This could be America’s most ‘vicious’ anti-LGBTQ2S+ legislation yet 

A federal “Don’t Say Gay or Trans” bill is on the table and advocates fear it’s a new blueprint for hate

More than 30 Republicans in the U.S. House of Representatives are backing new legislation proposed this week that would broadly target the LGBTQ2S+ community in a way that emulates Russia’s 2013 “gay propaganda” law

Rep. Mike Johnson, (R) Louisiana, introduced the “Stop the Sexualization of Children Act” on Tuesday, to “prohibit the use of federal funds to develop, implement, facilitate or fund any sexually oriented program, event, or literature for children under the age of 10.” 

While it may be inspired by Florida’s so-called “Don’t Say Gay” law, which bans instruction on sexual orientation and gender identity in classrooms, Johnson’s bill extends prohibitions beyond schools. 

As written, his measure, which has 32 Republican co-sponsors in the House, would bar federal funds from being used to support “any ‘sexually oriented’ programs, events and literature at any federal facility or any institution receiving federal funding.” Critics note that in its description, the bill makes a direct connection between sexual orientation and gender identity with sexualized content, such as pornography and stripping, which are far more commonly associated with cisgender heterosexuals.

The bill also specifies that parents and guardians can sue government officials, agencies and private entities if they “expose” a child under 10 to such materials.

At a news conference Tuesday, Johnson complained about what he called “newly implemented sexual education curriculums” that he claims are introducing lessons on “sexuality, sexual orientation, transgenderism and gender ideology as early as kindergarten.” With his proposal, the Louisiana Republican is also targeting drag queen story hours in libraries, calling them “sexually oriented.” Johnson has already automatically been re-elected to a fourth term as he faced no opponent. 

Legal advocates for the LGBTQ2S+ community denounced the bill as “dangerous” and designed to generate hate. 

“This is about scapegoating and stigmatizing a vulnerable minority group by saying outrageous things that even a year ago would have been unthinkable,” Shannon Minter, the legal director of the National Center for Lesbian Rights, told Xtra. “It’s designed to distract attention from important issues, important battles that we need to be fighting.

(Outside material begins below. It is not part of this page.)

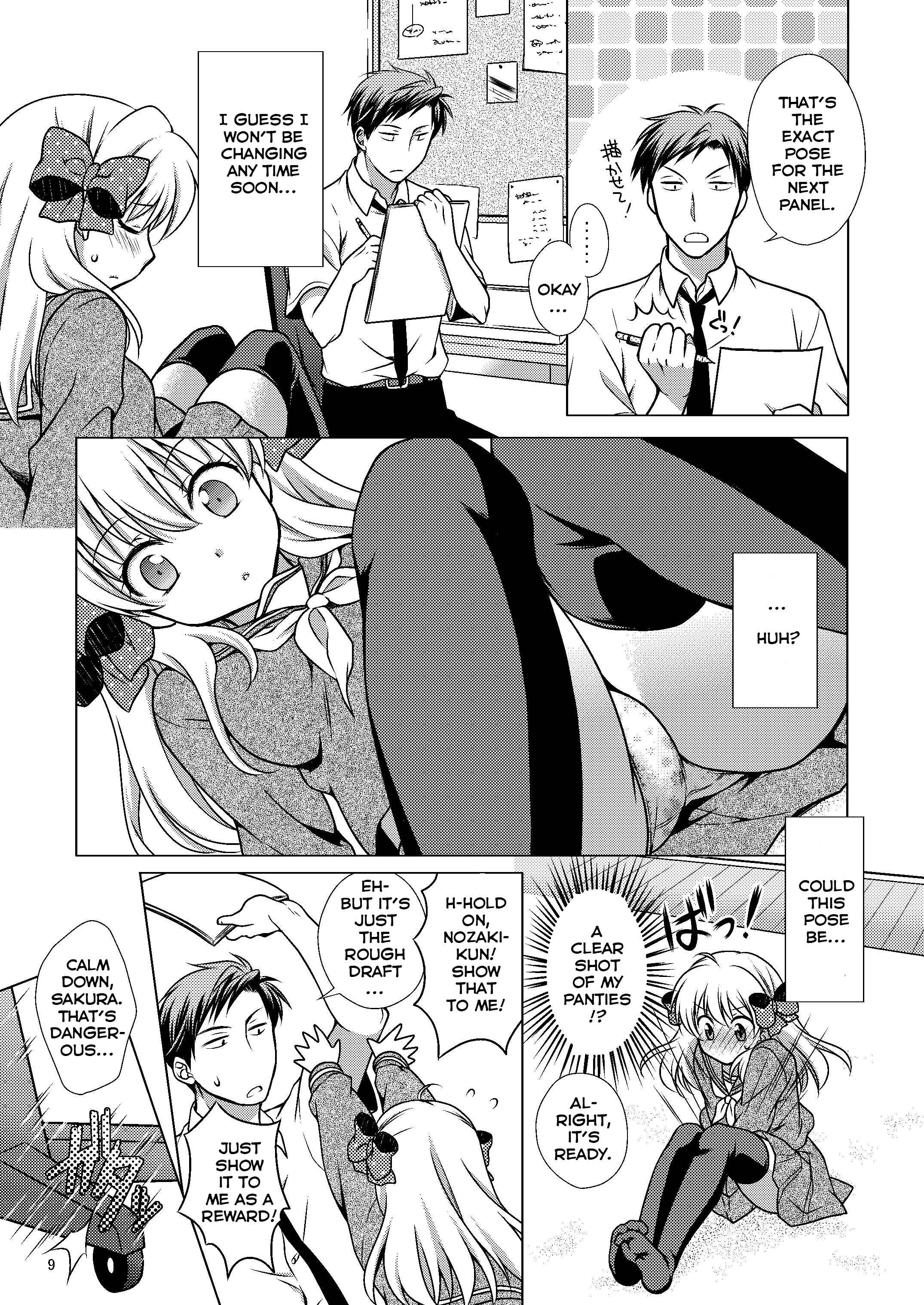 Page 9 Chapter Unknown_c305 Gekkan Shoujo Nozaki-kun - Zoukan Seinen Sakura-san (Doujinshi)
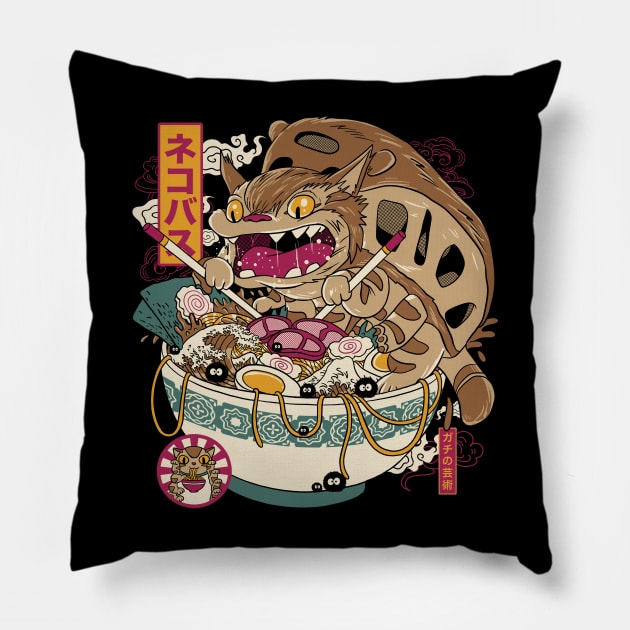 RAMEN NEKOBASU Pillow by art of gaci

It’s designed to rally the extreme base and to just further poison the political environment, the cultural environment. It’s trying to normalize saying vicious, hateful, untrue things about LGBTQ2S+ people. It’s very dangerous.” 

“Extremist House Republicans like Mike Johnson are continuing their assault on LGBTQ2S+ Americans’ ability to live their lives openly and honestly,” said Human Rights Campaign government affairs director David Stacy, in a statement. “A federal ‘Don’t Say Gay or Trans’ bill—modelled after the controversial discriminatory law in Florida and aiming to drive LGBTQ2S+ families and teachers out of the education system—is their latest cruel attempt to stigmatize and marginalize the community, not in an attempt to solve actual problems, but only to rile up their extremist base.”

 

Alejandra Caraballo, the first trans woman of colour to teach at Harvard Law and a clinical instructor in the university’s Cyberlaw Clinic, sees broad implications in this bill, which she tweeted about this week. 

“Universities, public schools, hospitals, medical clinics, etc. could all be defunded if they host any event discussing LGBTQ2S+ people and children could be present. The way they define ‘sexually oriented material’ simply includes anything about LGBTQ2S+ people … This is the American version of Russia’s gay propaganda law passed in 2013. This is their endgame. To censor and ban LGBTQ2S+ from all public life and force them back into the closet,” she tweeted.

Ironically, Russian lawmakers met just this week to expand and toughen their own anti-LGBTQ2S+ law. 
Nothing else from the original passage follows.